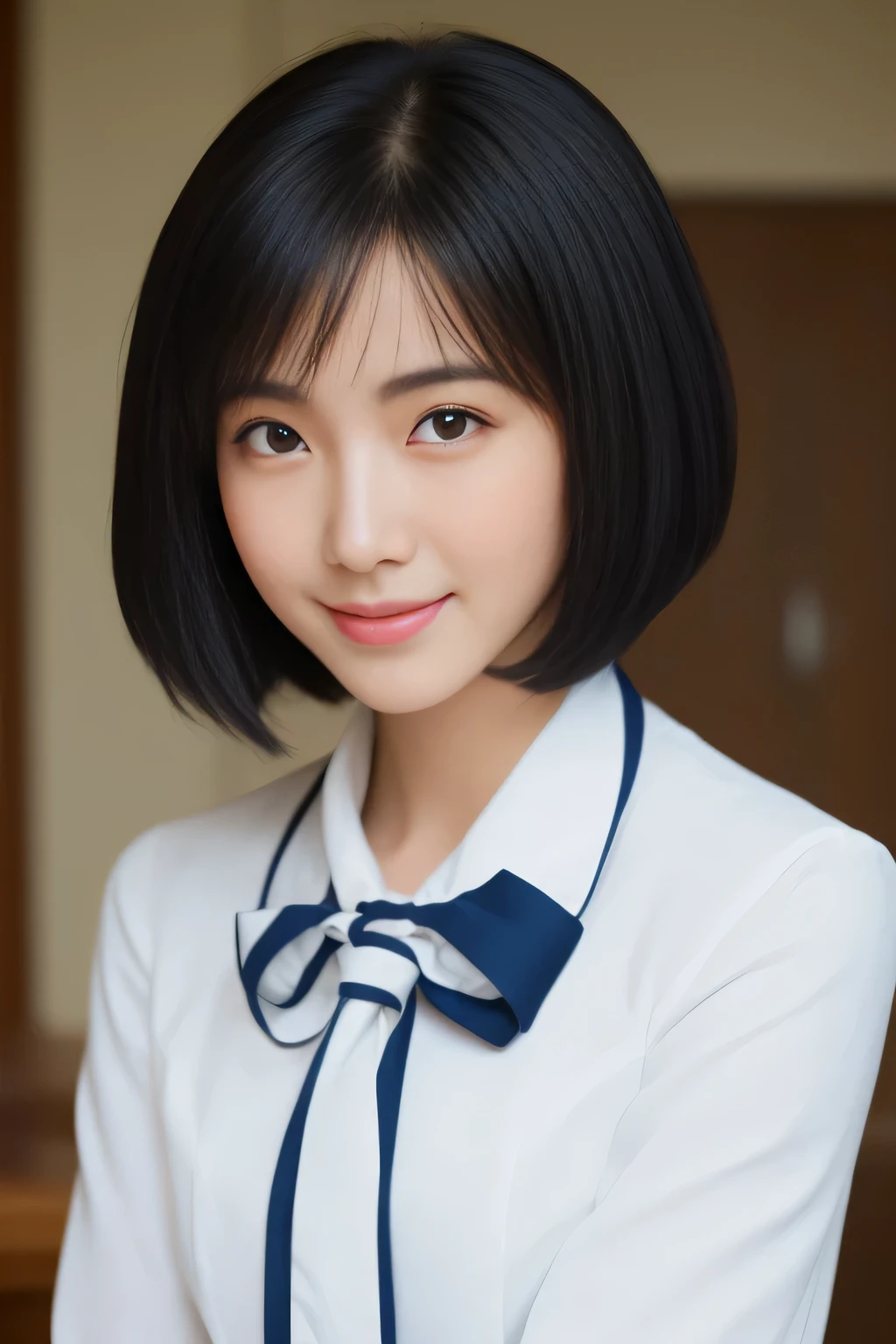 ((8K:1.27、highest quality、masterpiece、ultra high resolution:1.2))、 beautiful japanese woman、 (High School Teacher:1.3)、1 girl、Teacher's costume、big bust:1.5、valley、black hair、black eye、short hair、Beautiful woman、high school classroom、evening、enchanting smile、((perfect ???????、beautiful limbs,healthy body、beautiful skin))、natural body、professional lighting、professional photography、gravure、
==
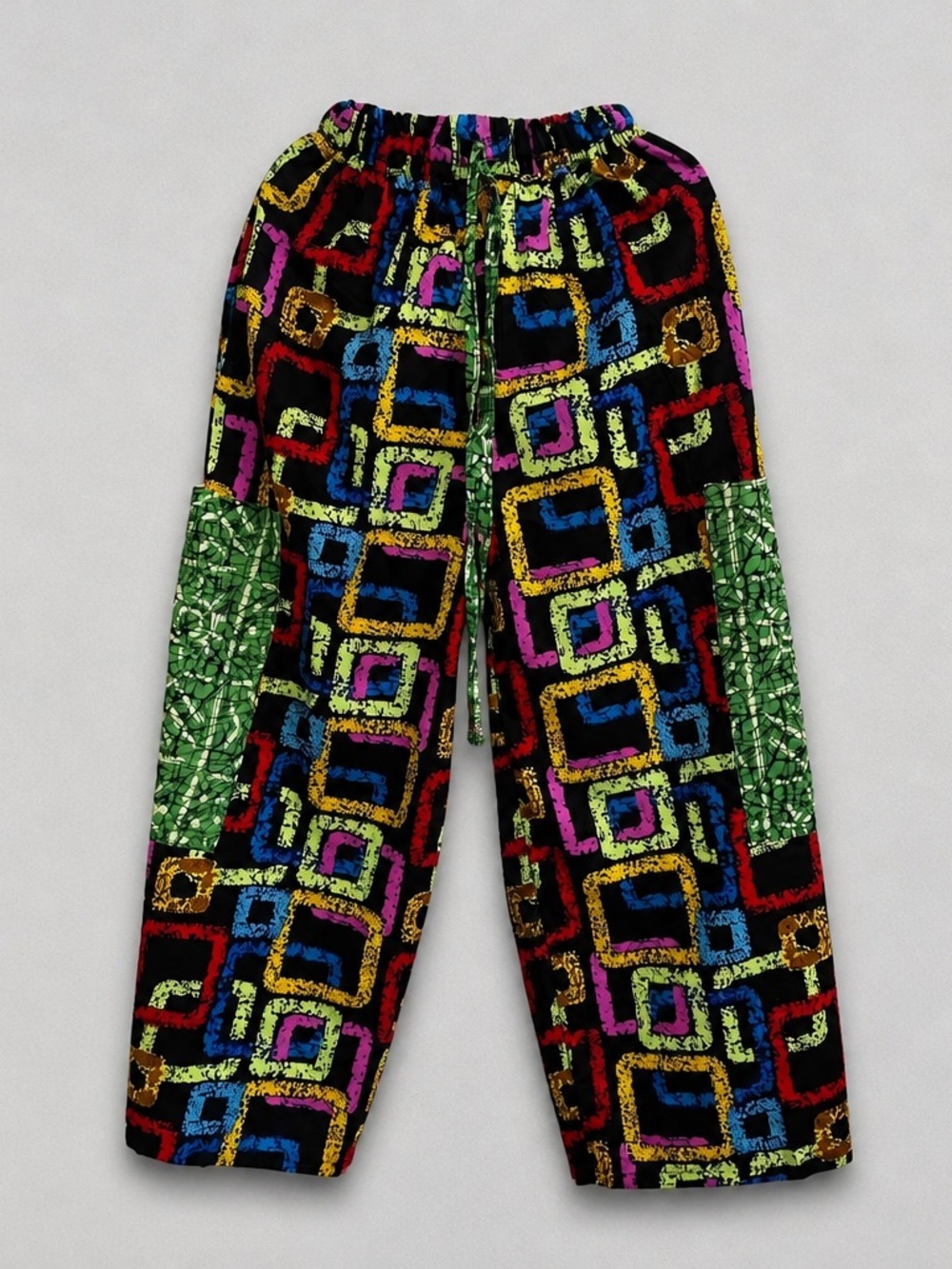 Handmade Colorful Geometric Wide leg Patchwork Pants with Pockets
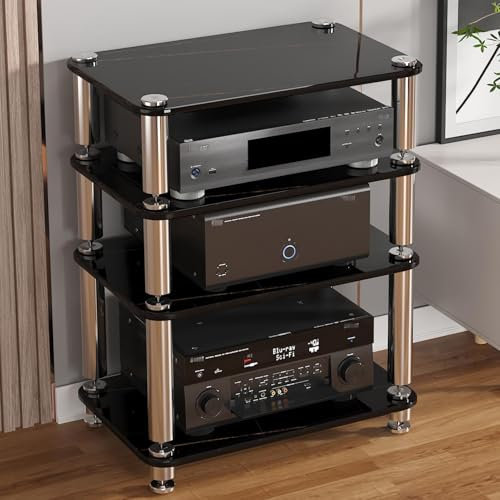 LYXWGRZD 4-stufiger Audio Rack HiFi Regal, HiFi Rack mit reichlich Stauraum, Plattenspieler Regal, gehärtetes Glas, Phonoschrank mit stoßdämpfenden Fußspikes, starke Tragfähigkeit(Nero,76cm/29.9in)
--
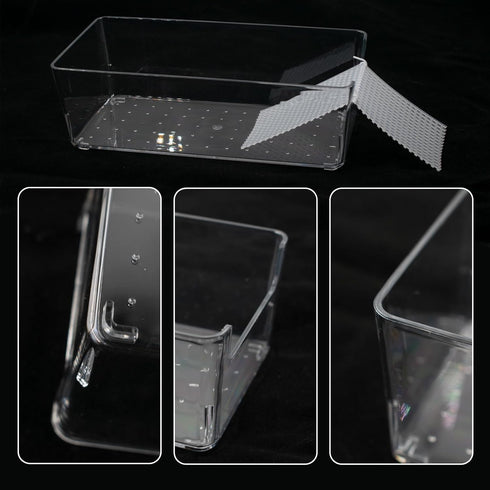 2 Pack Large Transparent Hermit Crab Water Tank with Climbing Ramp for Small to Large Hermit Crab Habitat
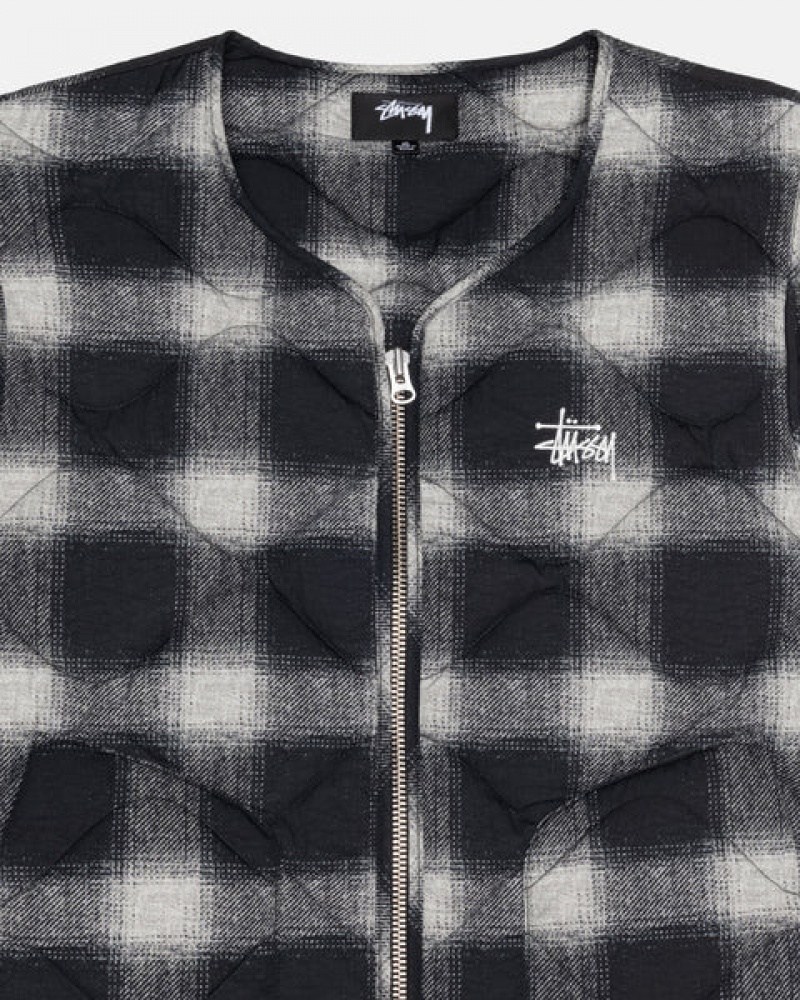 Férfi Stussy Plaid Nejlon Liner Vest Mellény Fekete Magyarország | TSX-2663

What you should do: Print nothing except the lines above from the one containing "Handmade Colorful Geometric" down to the one containing "LYXWGRZD 4-stufiger Audio", both included, exactly as written and free of pictures.

Expected output:
 Handmade Colorful Geometric Wide leg Patchwork Pants with Pockets
 LYXWGRZD 4-stufiger Audio Rack HiFi Regal, HiFi Rack mit reichlich Stauraum, Plattenspieler Regal, gehärtetes Glas, Phonoschrank mit stoßdämpfenden Fußspikes, starke Tragfähigkeit(Nero,76cm/29.9in)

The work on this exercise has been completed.